The solvent and temperature dependence of the ¹H and ¹³C NMR spectra of fluoroacetone (FA), 1,1-difluoroacetone (DFA) and 1,1,1-trifluoroacetone (TFA) are reported and the ⁴J_HF, ¹J_CF and ²J_CF couplings analysed using ab initio calculations and solvation theory. In FA the energy difference (E_cis–E_tr) between the cis(F–C–CO 0°) and trans(F–C–CO 180°) conformers is 2.2 kcal mol^–1 in the vapour, decreasing to 1.0 kcal mol^–1 in CCl₄ solution and to –0.6 kcal mol^–1 in the pure liquid. In DFA the conformational equilibrium is between the less polar cis(H–C–CO 0°) and a gauche conformation (H–C–CO 104°). The energy difference (E_g–E_cis) is +0.8 kcal mol^–1 in the vapour, decreasing to 0.1 kcal mol^–1 in CCl₄ solution and to –0.9 kcal mol^–1 in the pure liquid.

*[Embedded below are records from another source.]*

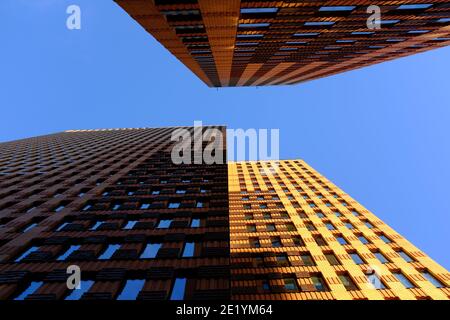High buildings photographed from below on the Amsterdam Zuidas on a sunny day with a blue and slightly cloudy sky. Stock Photo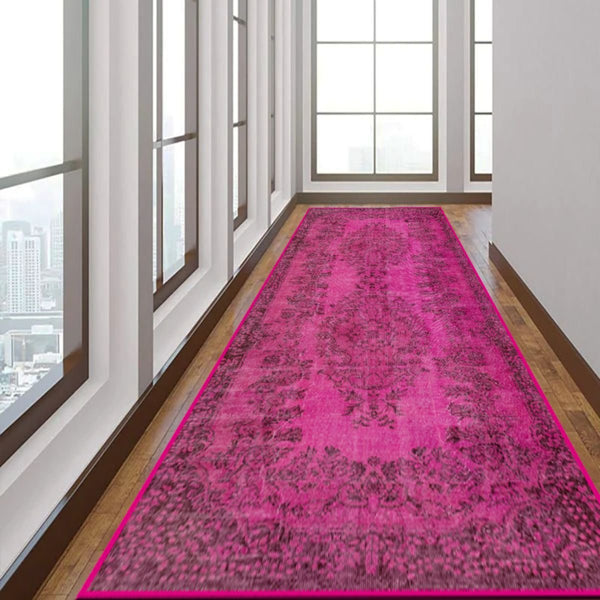 Close-up of the Vibrant Pink Rug’s bright color and low-profile pile.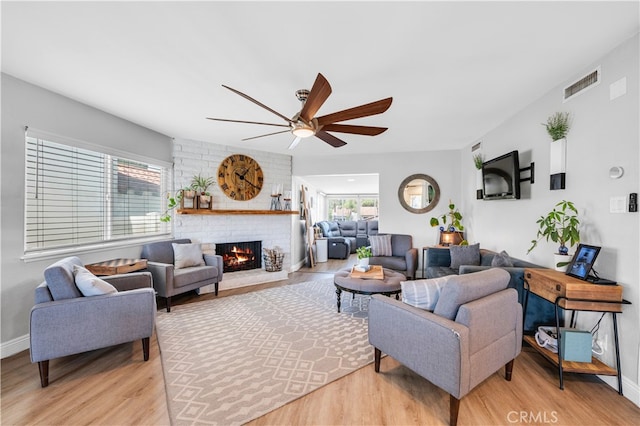 living room with light wood-style floors, a ceiling fan, a fireplace, and healthy amount of natural light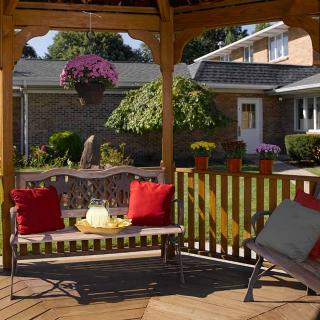 A cozy backyard gazebo with wooden seating, adorned with red cushions and surrounded by a lush garden.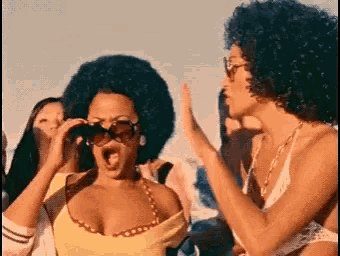 a woman with an afro and sunglasses is giving a high five to another woman in a bikini .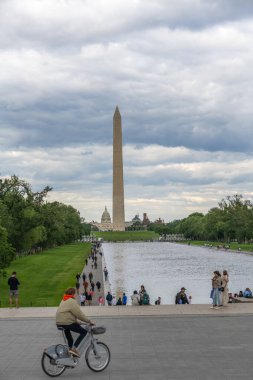 Washington D.C., ABD, - 23 Mayıs 2025, Bisikletçi Yansıyan Havuz 'dan geçiyor ve Washington Anıtı yükseliyor..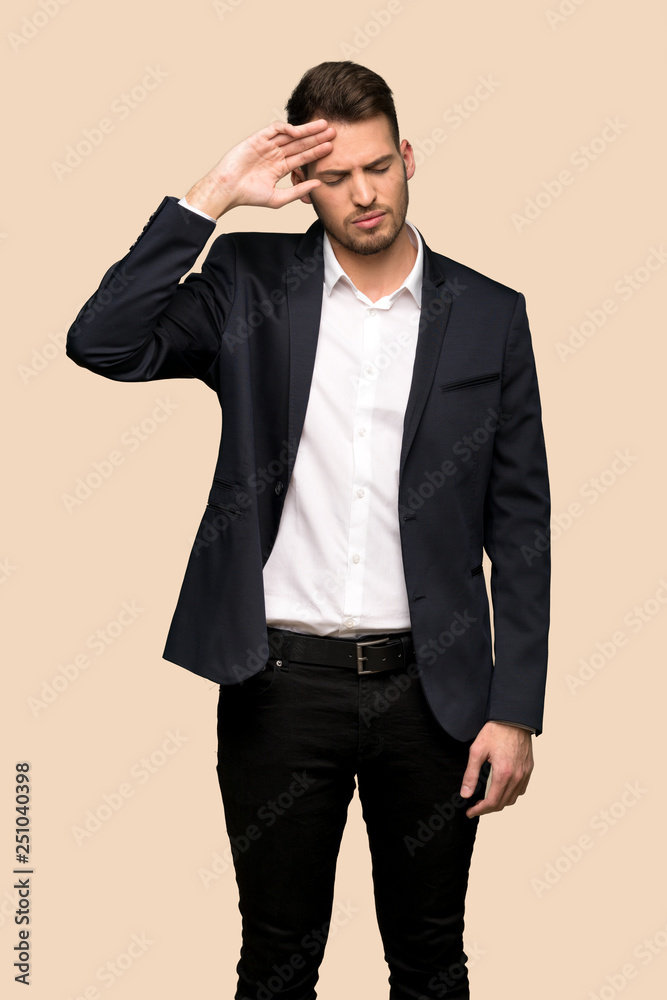 Handsome business man with tired and sick expression over ocher background Handsome business man with tired and sick expression over ocher background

The vapour state energy difference for FA compares well with that calculated (2.8 kcal mol^–1 at MP4/6–31G*). DFA calculations at this level gave only one minimum in the potential surface corresponding to the cis form. A minimum for the gauche conformer was only found when solvation was included in the ab initio calculations, or at much larger basis sets (6-311++G**). The conformer couplings obtained show that the ⁴J_HF coupling (F–C–C–CH₃) is proportional to cos²θ, where θ is the F–C–C–C dihedral angle. The ¹J_CF and ²J_CF couplings also show a pronounced orientation dependence which could be of particular utility in those cases where other couplings are not present.